Iproute2 Rule and Table On the MARK

Now that 'gfwlist' IP set is marked by Iptables, we will create a routing rule and table for the mark. Before that we can define a string identifier for the table.

# Number and name identifier
root@tux ~ # echo "51820	gfwlist" >> /etc/iproute2/rt_tables

# Create routing rule and table: traffic of 'gfwlist' set is routed through 'gfwlist' table
root@tux ~ # ip rule add fwmark 51820 table gfwlist

# Set routing table: going out through WireGuard.
root@tux ~ # ip route add default dev wg0 table gfwlist

Identifier of Iproute2 table (51820 gfwlist) needn't to be the same as that of Iptables mark (51820).

Recall that, we've manually added 8.8.8.8 to 'gfwlist' set. Instead, add a new route in the main table though it is somewhat less mart.

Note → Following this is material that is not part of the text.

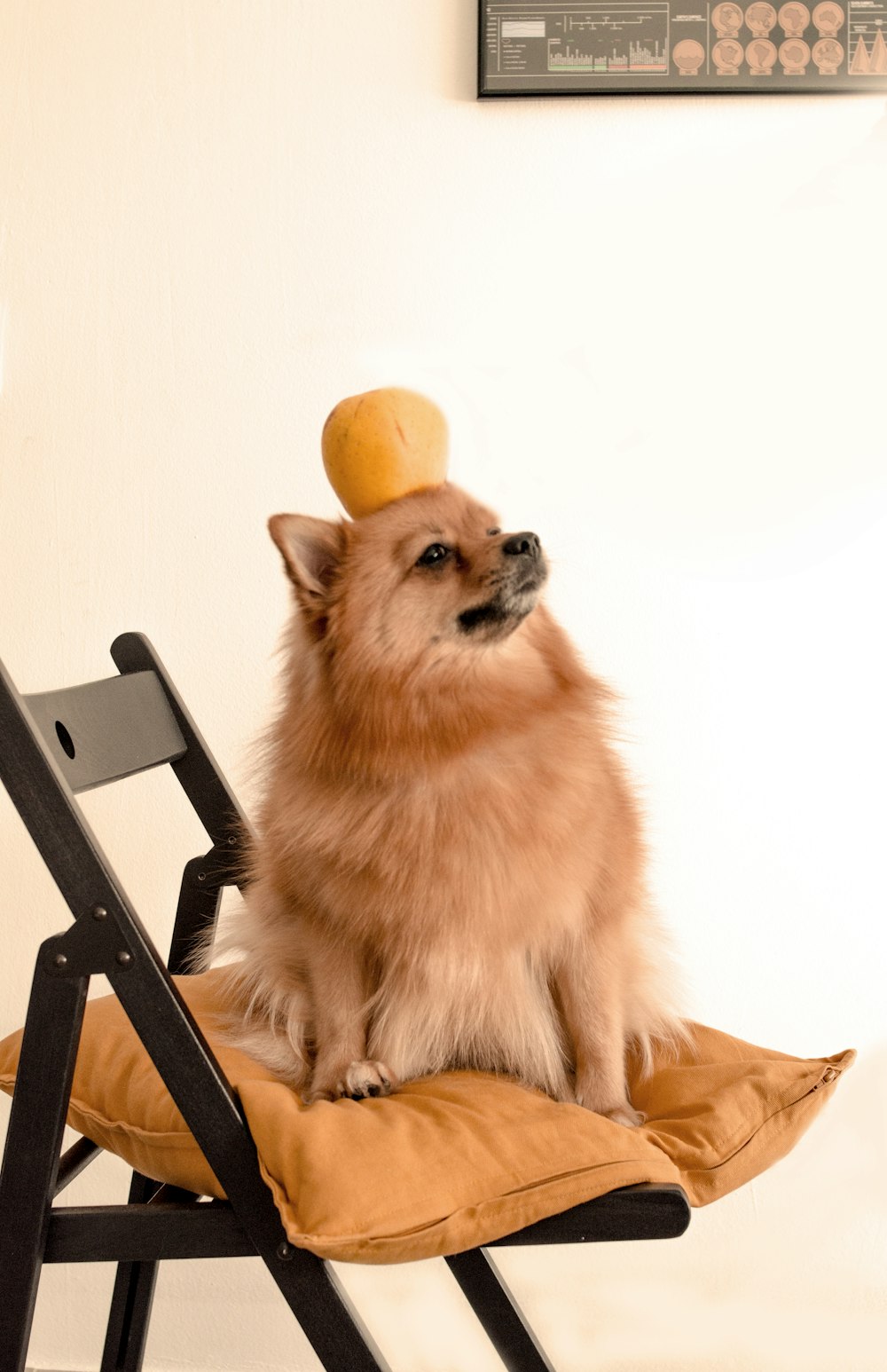 黒い木製の椅子の上の茶色のポメラニアンの子犬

root@tux ~ # ip route add 8.8.8.8 dev wg0 table main

01-wg0.start:

#!/bin/sh

# Bring up WireGuard link
ip link add wg0 type wireguard
ip link set mtu 1420 dev wg0
ip addr add 10.0.0.2/24 dev wg0
wg setconf wg0 /etc/wireguard/wg0_wg.conf
ip link set up dev wg0

# To route server's internal IP
ip route add 192.168.58.0/24 dev wg0
# -or-
#ip rule add 192.168.58.0/24 table gfwlist

# To route 'gfwlist' IP set
ip rule add fwmark 51820 table gfwlist
ip route add default dev wg0 table gfwlist
  1. In this case, the internal IP of client and server fall into different network block, namely 10.0.0.0/24 and 192.168.58.0/24. As mentioned in the prior post, explicit route should be added on both sides.
  2. This is almost the final version. As 192.168.58.0/24 is an LAN block, we'd better leave it in the main table.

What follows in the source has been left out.